The play, which tells the story of the creation of Great Smoky Mountain National Park, will be performed as readers theater by The Autumn Players of Asheville Community Theatre. Following the performance, Carden will lead a discussion of the controversies and conflicts between longtime mountain residents and the “outsiders” who advocated preservation through establishment of national park lands.

Carden, a native of Sylva, N.C., is a collector of Appalachian and Cherokee folklore, a professional storyteller, and was a long-time columnist for the Smoky Mountain News. He received the North Carolina Arts Council Award for Literature in 2012 and the Brown-Hudson Folklore Award in 2006. His books include Appalachian Bestiary (Gary Carden, 2013), Mason Jars in the Flood & Other Stories (Parkway Publishers, 2000) and Belled Buzzard, Hucksters & Grieving Spectres: Strange & True Talks of the Appalachian Mountains (Down Home Press, 1994).

Penland, born and raised in Madison County, learned the traditional ballads of the Western North Carolina mountains from his elders and has shared this music, along with his original songs, with audiences on both sides of the Atlantic. His recordings include The Answer to My Prayer, Standing on Tradition and On Shakey Ground.

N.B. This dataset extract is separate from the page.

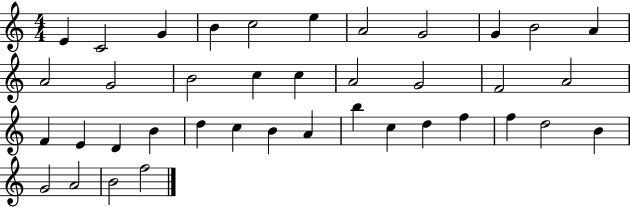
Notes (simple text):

E4/q C4/h G4/q B4/q C5/h E5/q A4/h G4/h G4/q B4/h A4/q A4/h G4/h B4/h C5/q C5/q A4/h G4/h F4/h A4/h F4/q E4/q D4/q B4/q D5/q C5/q B4/q A4/q B5/q C5/q D5/q F5/q F5/q D5/h B4/q G4/h A4/h B4/h F5/h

This performance is a joint project of The Autumn Players of Asheville Community Theatre, and the Osher Lifelong Learning Institute (OLLI) at UNC Asheville, bringing together a group of seasoned actors with an internationally acclaimed learning community for seniors. Outlander is the second of three plays in OLLI’s Appalachian Summer Theater Series at UNC Asheville’s Reuter Center. The final performance in the series, Patchwork Perspectives, is a new monodrama based on the works of Lee Smith and performed by Barbara Bates Smith (no relation), which will take place on August 7.

For more information, visit olliasheville.com or call OLLI at 828.251.6140.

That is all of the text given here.